It was also alleged in the Order of Inquiry that Berigan failed to render just and reasonable buying services in filling orders for the purchase of stocker and feeder cattle on a commission basis in that Berigan, instead of buying such cattle on the open market, bought a major portion of the stocker and feeder cattle from certain favored dealers who in many instances had originally purchased the same cattle from Berigan on the same day or a day or two before and such cattle were purchased at substantial mark-ups.
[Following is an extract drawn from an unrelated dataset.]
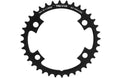 Trivio - Rennkettenblatt 36 Zähne, 11-fach, 110 mm Lochkreis, 4-Arm, Shimano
The Judicial Officer, acting for the Secretary, specifically found (1) that when more than three dealers flipped for turns only the dealers who won the first, second and third turns were permitted to remain in the sales alley; (2) that when dealers only were present, Berigan accepted the order or turns established by the dealers; and (3) that on numerous occasions when farmers and dealers were attempting to purchase livestock from Berigan, Berigan accepted the order established by the flip of the dealers, thereby discriminating against the farmers.

In addition, the Judicial Officer found that when Berigan purchased livestock on a commission basis that instead of purchasing the same on the open market, Berigan generally purchased from dealers at a mark-up in the price that the dealers had paid for the livestock and that accordingly Berigan failed to render reasonable buying services to its customers, in violation of the Act.

All respondents, that is, Berigan and the dealers, were found to have violated § 312(a) of the Act (7 U.S.C.A., 1952 ed., § 213(a)), which provides that:

"It shall be unlawful for any stockyard owner, market agency, or dealer to engage in or use any unfair, unjustly discriminatory, or deceptive practice or device in connection with the receiving, marketing, buying, or selling on a commission basis or otherwise, feeding, watering, holding, delivery, shipment, weighing, or handling, in commerce at a stockyard, of livestock."

Berigan alone was found to have violated both of the following sections: § 304 of the Act (7 U.S.C.A., 1952 ed., § 205):

"It shall be the duty of every stockyard owner and market agency to furnish upon reasonable request, without discrimination, reasonable stockyard services at such stockyard: * * *."

Section 307 of the Act (7 U.S.C.A., 1952 ed., § 208):

"It shall be the duty of every stockyard owner and market agency to establish, observe, and enforce just, reasonable, and nondiscriminatory regulations and practices in respect to the furnishing of stockyard services, and every unjust, unreasonable, or discriminatory regulation or practice is prohibited and declared to be unlawful."

Upon finding the violations as stated, the Judicial Officer held that inasmuch as the practice of determining turns to bid and buy by flipping coins was one of long standing and existed at six other major stockyards and because of other circumstances indicated in the record, that respondents' registrations should not be suspended but he did order that: "Each respondent shall cease and desist from engaging in the practices which he, or the partnership in which he was a member, has been found herein to have engaged in and which are found herein to be in violation of the act."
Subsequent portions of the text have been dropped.